Pero sí, al menos, el orgullo de saber que no soy un cualquiera; que Dios me ha llamado a cosas grandes; que llevo en mis venas la sangre azul de los hijos de Dios; que es indigna de mi toda acción innoble; que no me importa ser distinto, si para ser cristiano debo diferenciarme de los demás; que no estoy llamado a la collonada y la poltronería sino al esfuerzo austero de la magnanimidad y del honor.

¡Ah los católicos acomplejados y vergonzantes incapaces de llevar con la cabeza alta y el mentón desafiante la bandera liberadora de la Verdad, pero son sensibles y vanidosos hasta el ridículo cuando se trata de defender su parvo yo herido! No tenemos derecho a ser falsamente humildes con el tesoro que Dios nos ha entregado. Ninguna apertura al diálogo, ningún respeto por el otro ni por la opinión ajena puede justificar la cobardía en la defensa de una fe que nos ha sido encomendada como el don más estupendo hecho pro el Señor a la humanidad.

¡Pobres de nosotros, orgullosos y soberbios con lo que no sirve para nada -con la vanidad de este mundo vacío que se derrumba a nuestro alrededor- y falsamente humildes con aquello que constituye nuestra única y auténtica grandeza!

Aprendamos a valorar nuestras reales riquezas. Abramos nuestra alma y nuestro corazón a las solas cosas que pueden realmente llenarlos por dentro y no solamente adornarlos por fuera. No defendamos la vacuidad de la vana apariencia con la endeble espada de la mentira. Edifiquemos nuestra plaza fuerte en el desierto despojado y ascético de nuestra interioridad. Ninguna opinión de los de afuera podrá allí herirnos ni afectarnos.

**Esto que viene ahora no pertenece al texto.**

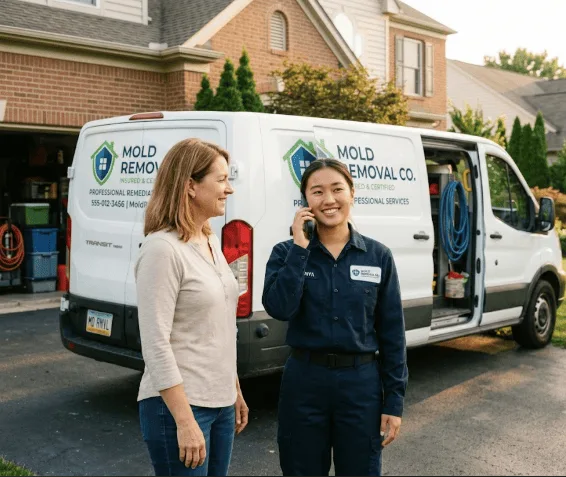 Crawlspace Mold Remediation Mount Pleasant, WI FAQs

Y, por eso, cuando ten conviden a una fiesta ve a colocarte en el último sitio –y no te importe que no se note tu vestido ni tu barba o tengas el vestido algo gastado-, el Señor que te ha llamado, te dirá al oído: “porque para todos estos parecés el último, el más infeliz, el más pobre, por eso mismo, estás en el primer lugar”.